This idea of subtle social maneuvering extends to female competition, which can be mediated through culture and technology. Historically, dominant female primates have used stress and intimidation to suppress the fertility of subordinates. In human societies, this can manifest through cultural narratives. Memes and ideas are spread that suggest family formation is unwise or that a more fulfilling life can be found by focusing on career and self-care instead of romance. These messages often encourage women to decenter romantic relationships in favor of friendships, which can indirectly reduce fertility.
Another mechanism is the elevation of standards for what constitutes a "successful" family. Rob notes that elite women largely set these standards, which have become increasingly expensive and demanding over the past 50 years. Compared to a middle-class family in the 1970s, today's aspirational model includes private lessons, SAT prep, expensive college tuition, and lavish weddings.

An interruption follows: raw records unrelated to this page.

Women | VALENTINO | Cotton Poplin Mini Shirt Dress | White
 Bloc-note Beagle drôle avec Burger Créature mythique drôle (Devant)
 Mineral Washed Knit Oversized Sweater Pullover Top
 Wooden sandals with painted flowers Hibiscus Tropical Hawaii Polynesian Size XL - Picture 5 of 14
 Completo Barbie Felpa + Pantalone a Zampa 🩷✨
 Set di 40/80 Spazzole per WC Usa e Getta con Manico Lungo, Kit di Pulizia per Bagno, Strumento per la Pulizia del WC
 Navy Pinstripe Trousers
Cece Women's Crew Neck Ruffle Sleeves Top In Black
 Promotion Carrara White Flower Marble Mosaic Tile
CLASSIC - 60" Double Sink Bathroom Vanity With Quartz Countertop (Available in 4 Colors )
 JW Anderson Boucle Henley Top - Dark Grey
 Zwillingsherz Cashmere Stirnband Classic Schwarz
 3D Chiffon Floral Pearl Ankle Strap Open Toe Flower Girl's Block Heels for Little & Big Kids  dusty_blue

If you can convince women that you're only a successful mother if you can fulfill these very expensive requirements, this also introduces stress... if people lower down the ladder think, well okay, that's what success looks like. And if I can't do that, I don't want to be a mother who can't give my kids everything that is expected of me.
This creates a barrier for women with fewer resources, who may delay or forgo motherhood because they feel they cannot meet these high expectations. Crucially, the elite women who promote these standards often have options unavailable to others, such as freezing their eggs, affording expensive fertility treatments, or using surrogates, allowing them to bypass the very ideals they promote.
People are often not conscious of these underlying competitive motives. Chris Willx distinguishes between proximate and ultimate reasons for behavior. A woman might genuinely believe she is protecting her friends from bad men (proximate reason), while the ultimate evolutionary driver might be to delay her rivals' reproductive timelines. This self-deception can make a person more persuasive.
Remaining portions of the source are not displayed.